Eskiden olduğu gibi günümüzde de her herhangi bir suçtan karakol veya Cezaevine düşen kişi suçsuz olduğunu, suçu olmadığı halede buralara getirildiğini söylediğinde karşısındakiler ”Seni Caminin önünden mi getirdiler?”diye sorarlar.

   Yani bu diyalog tanda anlaşılacağı gibi Camii içinde veya etrafında olanlar suçlardan uzak kişiler olduğundan karakola veya cezaevine getirilmezler.
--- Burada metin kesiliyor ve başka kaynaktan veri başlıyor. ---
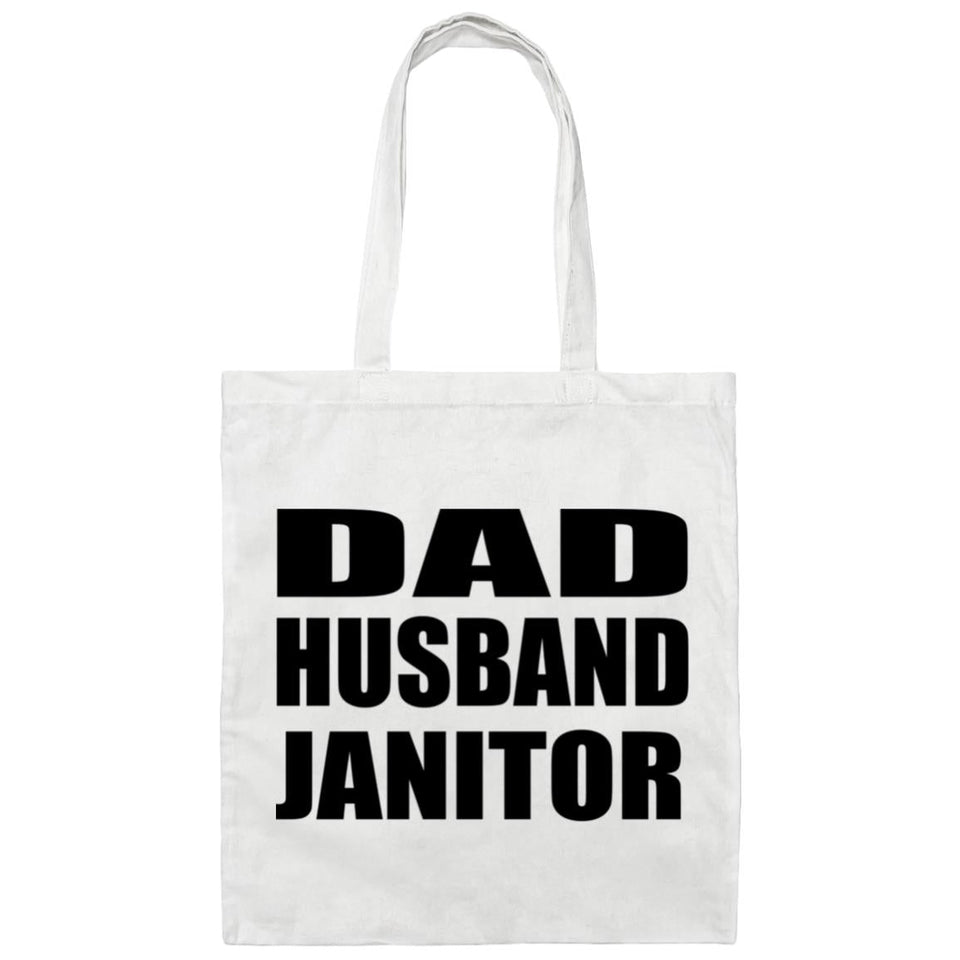 Dad Husband Janitor - Tote Bag White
   Fakat ülkemizin alnındaki kara lekesi 27 Mayıs 1960 Darbesinin mağduru olan ve bu darbeyi yapanlar tarafından haince katledilen Demokrasi Şehidi Merhum Menderes ve arkadaşları Polatkan ile Zorlu Caminin önünden alınmış gibi suçsuz ve temizdiler.
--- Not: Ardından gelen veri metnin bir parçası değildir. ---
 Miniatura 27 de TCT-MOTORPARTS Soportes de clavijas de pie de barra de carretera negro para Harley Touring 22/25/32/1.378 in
    Yani sizin anlayacağınız Caminin önünden alınıp idam sehpasına çıkartıldılar, yani bırakın idam edilmelerini gerektirecek bir suçu işlemeleri, Karakola bile götürülmelerini gerektirecek suçları yoktu!!!

    Aksine 10 yıl süren Demokrat Parti iktidarında milleti maddi ve manevi yönden hoş eden, kalkındıran, İnsan hakları, fikir ve İnançla ekonomik standardımızı yükseltmekten başka hiçbir suçları yoktu.  

    EZANI MUHAMMEDİYE YASAĞI KALDIRILDI

      30 Ocak 1932 günü İstanbul Fatih Camiinde ilk defa okunan Türkçe Ezan’ın ardından Diyanet İşleri başkanlığının 18 Temmuz 1932 Tarihli genelgesiyle Ezan ın Peygamber Efendimiz Hz. Muhammed(S.A.V.) Müezzini Hz.Bilalı Habeşi(R.A.) tarafından Miladi 622 yılından itibaren 1310 yıl ilk okunduğu şekliyle okunması yerine Türkçe okunması emredildi.

    Bu tarihte tüm il Evkaf müdürlüklerine gönderilen Türkçe Ezan metninden sonra 4 Şubat 1933 günü ise Diyanet İşleri Riyaseti(Diyanet İşleri Başkanlığı) tarafından müftülüklere gönderilen bir tamimle bu metne uyulması, aksini yapanların şiddetle cezalandırılacağı belirtildi.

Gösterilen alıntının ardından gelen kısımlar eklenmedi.